The rapid adoption of Account-to-Account (A2A) instant payments, will soon drive the global payments industry into a major transformation.

This is according to the Capgemini Research Institute’s World Payments Report 2025, released on Wednesday, September 11, 2024. 

The report, celebrating its 20th anniversary edition, forecasts that instant payments will account for 22% of all non-cash transaction volumes globally by 2028.

The payments industry has undergone a significant evolution since the inaugural report in 2004. Digital technologies, including wallets, peer-to-peer (P2P) payments, and contactless payments, have become increasingly widespread, while new regulations have fostered innovation and enhanced consumer protection. As a result, the payments ecosystem is now more interconnected, streamlined, efficient, and secure than ever before.

Non-cash transaction volumes reached 1.411 bn in 2023 and are projected to reach 1.650 bn in 2024. This trend, driven by consumer preference for frictionless payment experiences, is expected to continue, with non-cash transactions forecast to reach 2.838 bn by 2028.

Asia-Pacific (APAC) stands out as one of the fastest-growing regions for non-cash transactions, experiencing a 20% year-on-year (YoY) increase in 2024, compared to Europe (16%) and North America (6%). Globally, most industry executives (77%) attribute the shift to non-cash transactions to e-commerce growth.

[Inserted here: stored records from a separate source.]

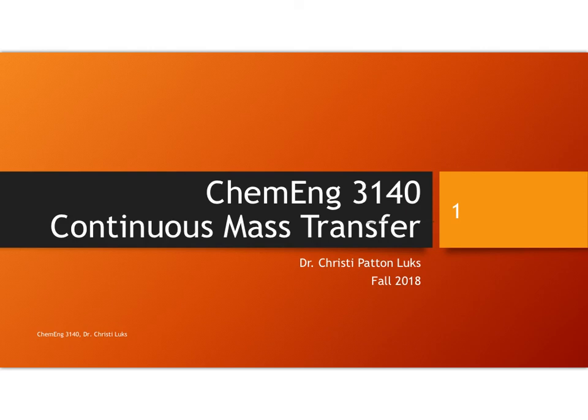Hello, this is Dr. Christy Patton-Lukes, a chemical engineering professor at Missouri S&T. In this lesson we're going to look at a fairly straightforward cooling tower example.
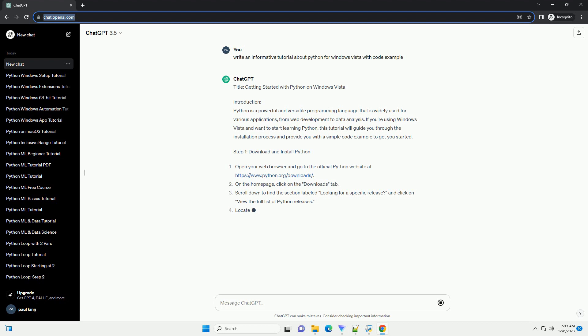Step 1: Download and Install Python. Once the download is complete, locate the installer file and double-click to run it.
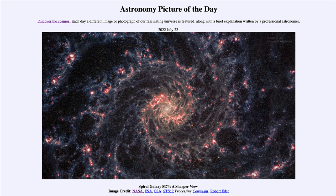This is a relatively nearby spiral galaxy, only about 32 million light years away. Considering the size of our universe and the many distant galaxies we look at that are many billions of light years away, this one is in our own neighborhood.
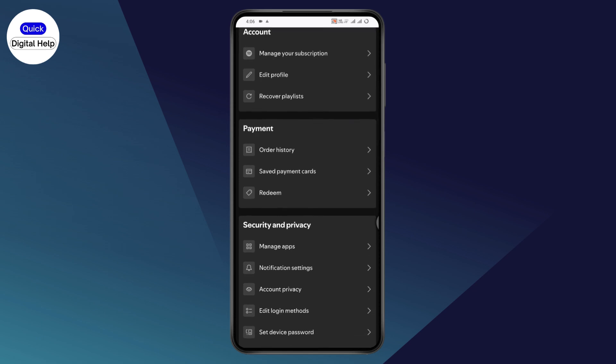Once you tap on manage members, it will take you to your family plan. You will have all the information like your address and plan members. You just need to tap on the plan member—you will have yourself. Just tap on it and you'll be able to leave that family plan.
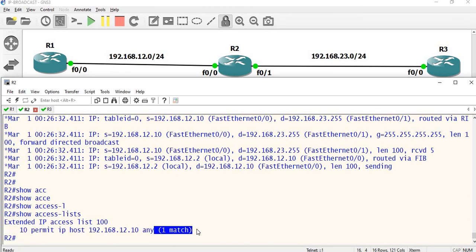So this is what IP direct broadcast is. If you have a broadcast IP and you ping it, it will go directly to that IP subnet. By default it is disabled. If you want to enable the response, you have to enable it. You can also control it using an access list. If you have questions or concerns, just leave a comment. Thank you.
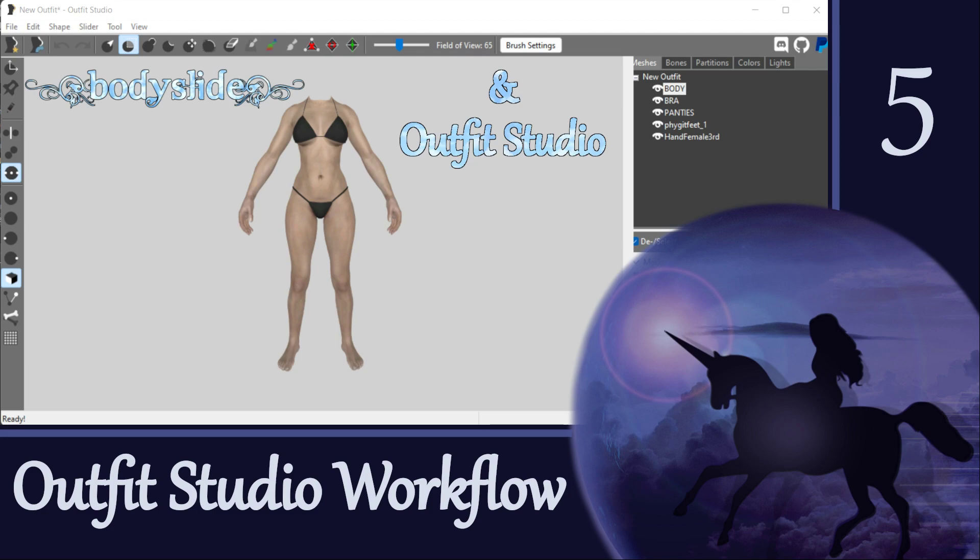I hope that you found this to be a helpful overview of the workflow through Outfit Studio. Next time, we are going to look at another important step of the process, viewing and working with our meshes in NIFscope. Thanks for watching, and I'll see you again soon!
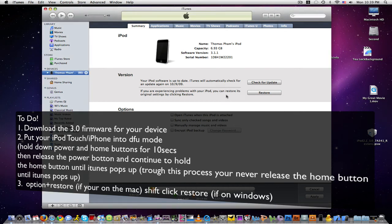Hello everybody, today I'm going to be showing you how to put your iPod Touch or iPhone downgraded back into 3.0.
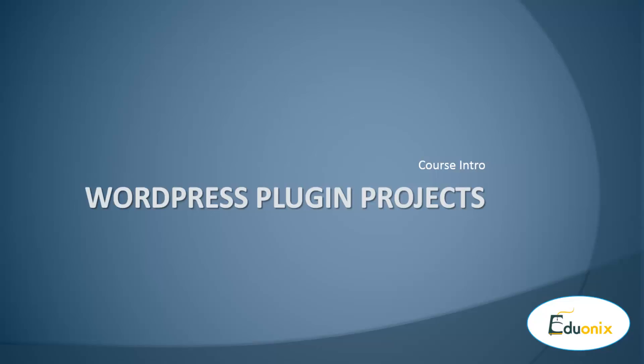Hello and welcome to WordPress Plugin Projects by Eduonics. My name is Brad Traversy and I'll be your instructor for this course.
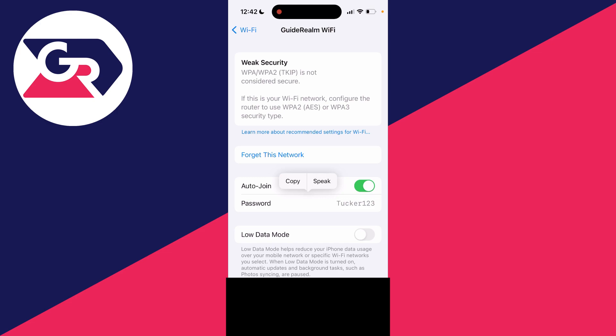You've got it there and you can then give that Wi-Fi password to other people who you want to join the network. They can type it in and they can then access it. It's that simple.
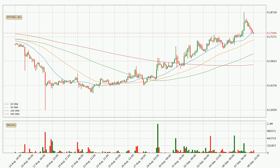Jumping to the 3-hourly simple moving averages, the current price is above all simple moving averages for this time interval, which looks bullish. It is to watch if the closest SMA, the 50 SMA, could hold support or if the price will break it to the downside, below the current price of around 17.1 cents.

A2A instant payment solutions offer a faster and more cost-effective way to pay, circumventing expensive card networks. The report suggests that the rise in popularity of A2A payments poses a significant threat to the dominance of traditional payment cards, with estimates suggesting they could offset 15-25% of future card transaction volume growth. This could result in billions of dollars in lost revenue for financial institutions, that rely heavily on interchange fees and interest charges.

The European Payments Initiative’s Wero wallet is expected to accelerate the adoption of A2A payments, with a predicted 37% reduction in card transactions across Europe by 2027.

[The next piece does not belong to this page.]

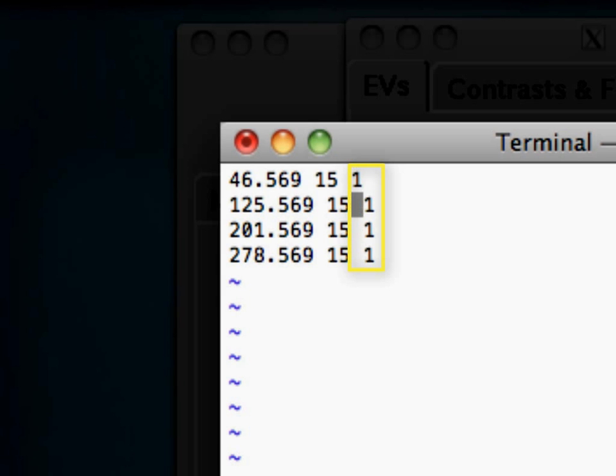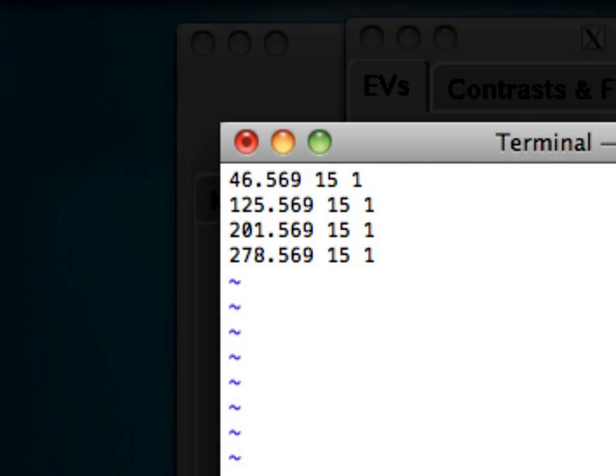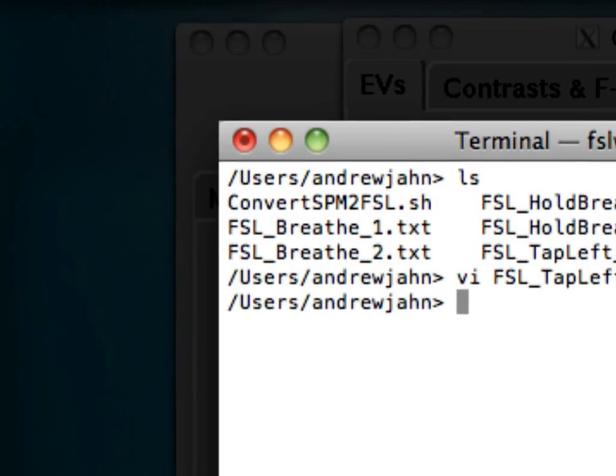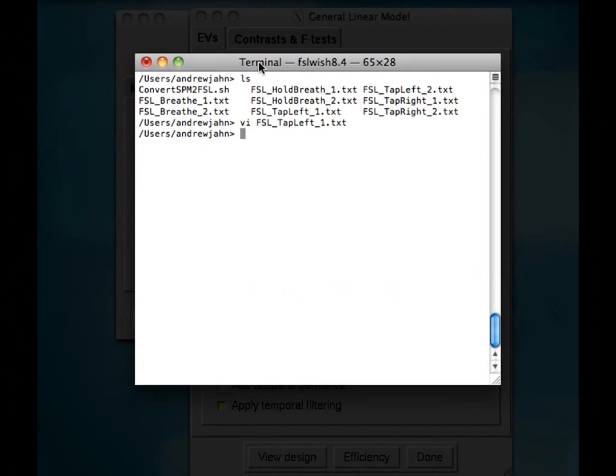So, for most purposes, if you have no reason to believe that there's any sort of parametric modulation within your conditions, you can just set this as one.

“The continued surge in non-cash transactions marks a pivotal moment for banks and payment service providers,” said Jeroen Hölscher, Global Head of Payment Services at Capgemini.

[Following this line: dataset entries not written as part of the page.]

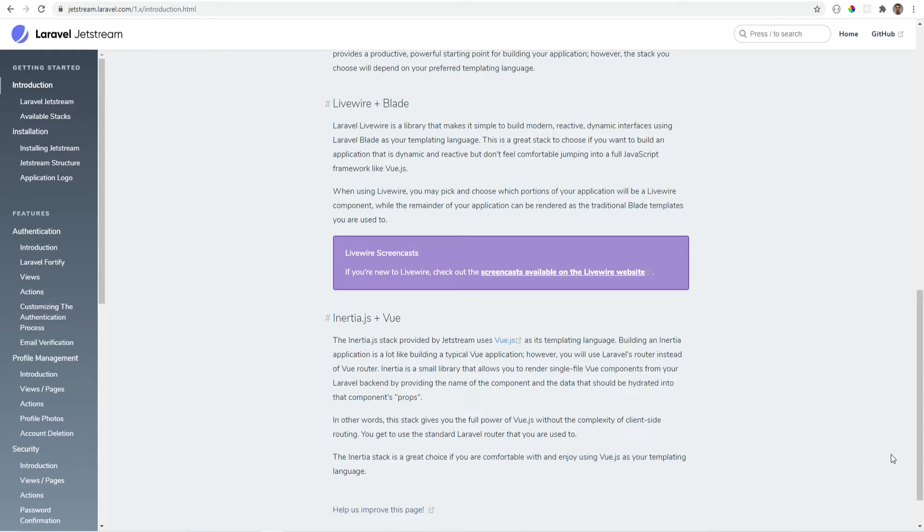This does not mean that you cannot use Jetstream along with other front-end stacks. You could just keep Jetstream and have it power your user, team, and API management as well as authentication. But I personally would not recommend this.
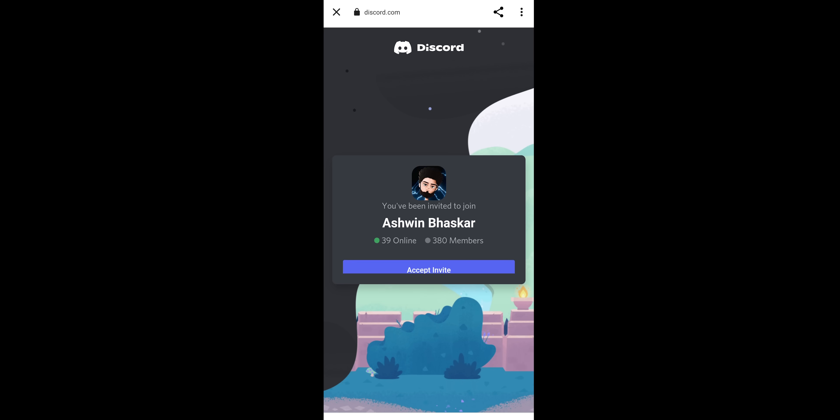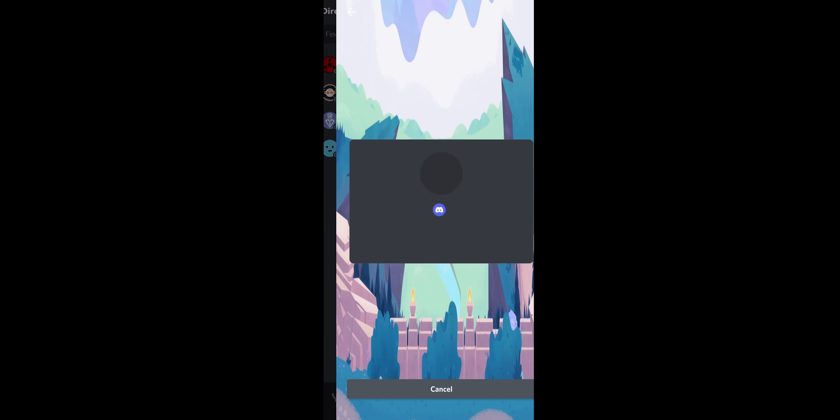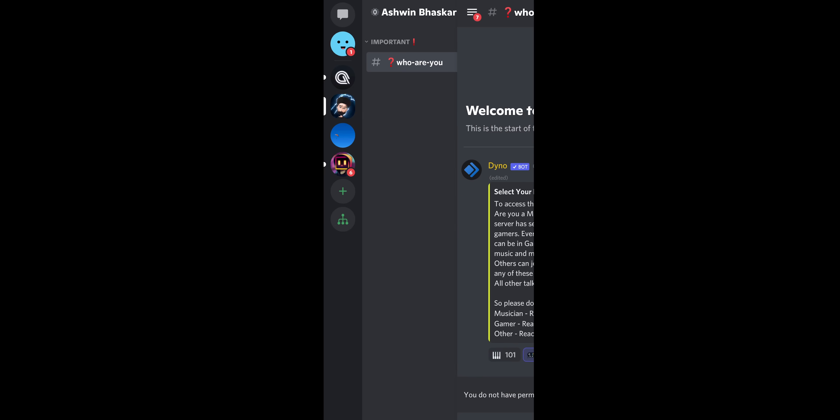Okay, you can join this group. If you click on the invite link, a window will appear here. You will have an access invite. You will have to select your role by swiping to the left. You can select musician, gamer, or click on another category.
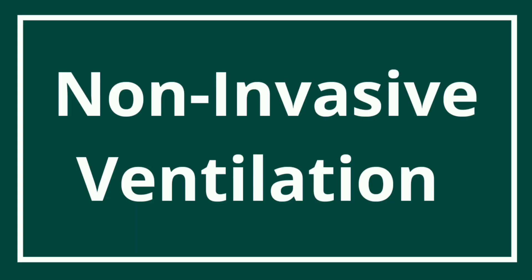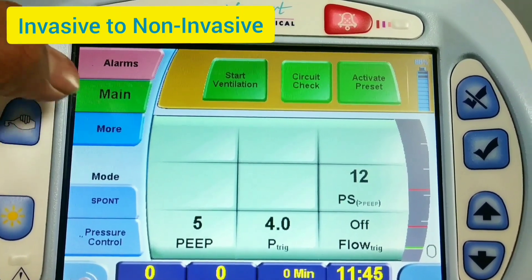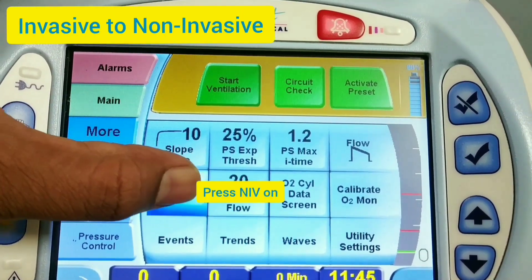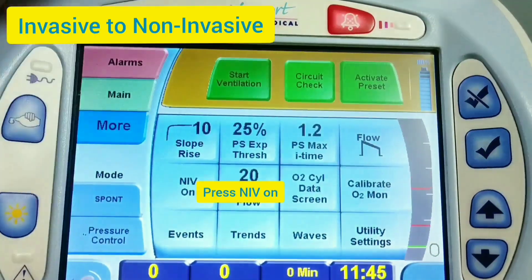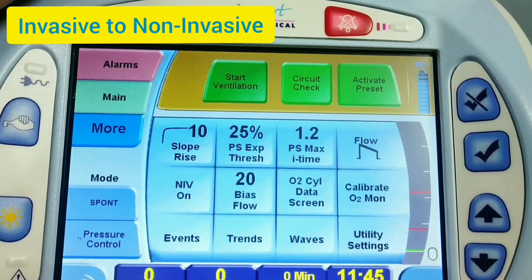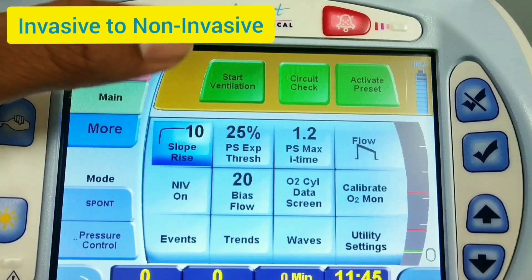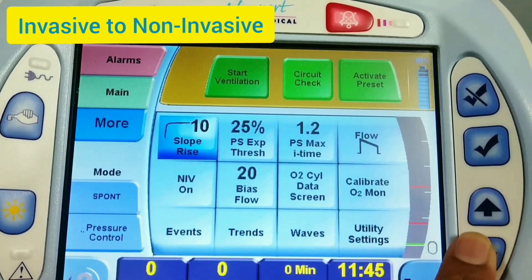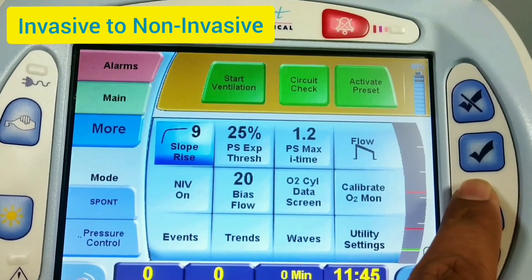Now for the settings for non-invasive ventilation. To start the non-invasive ventilator, press the More button, then switch on NIV and tick mark it, so the NIV will be on. If you want to change the slopes, you can adjust using the up and down keys and the slope will get changed.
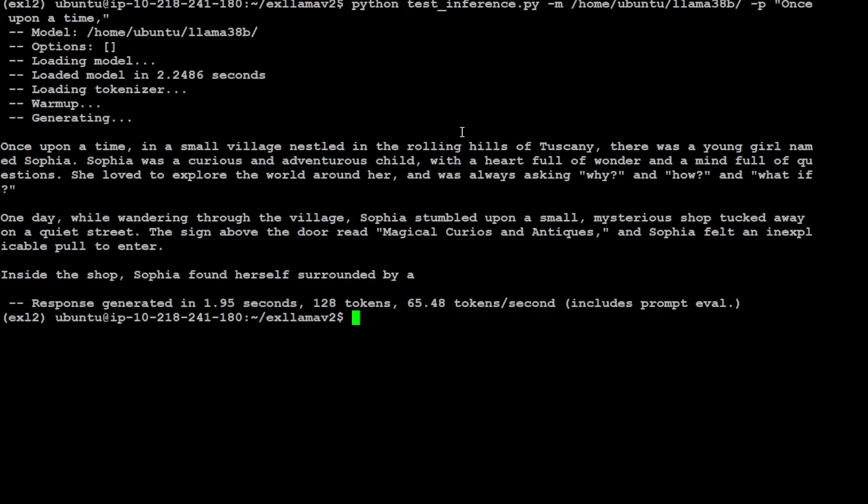But this is how you install and run ExLlama V2, and you can run any ExL2 models locally by using these commands, and you can simply use these instructions on Windows too.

“The data clearly indicates an inevitable shift toward a future of instant and open payments.” 

Hölscher added,“The success of Pix in Brazil and UPI in India demonstrates that private-public sector collaboration is essential. While some financial institutions may choose to upgrade their existing payment hub or leverage shared bank infrastructure, the reality is that consumers demand instantaneity, and corporates are willing to pay a premium for innovative solutions that address real business challenges. The time to act is now.”

Hossam Seifeldin, CEO of Capgemini Egypt, highlighted Egypt’s progress toward a cashless and instant payment future.

“Egypt recorded 39 million transactions in 2023, a promising start,” Seifeldin said.

“While Egyptian financial institutions face similar challenges to their global counterparts, the Central Bank of Egypt’s Instant Payment Network demonstrates a strong commitment to overcoming these obstacles. With continued growth and consumer interest, Egypt is poised to foster financial innovation and accessibility for its population.”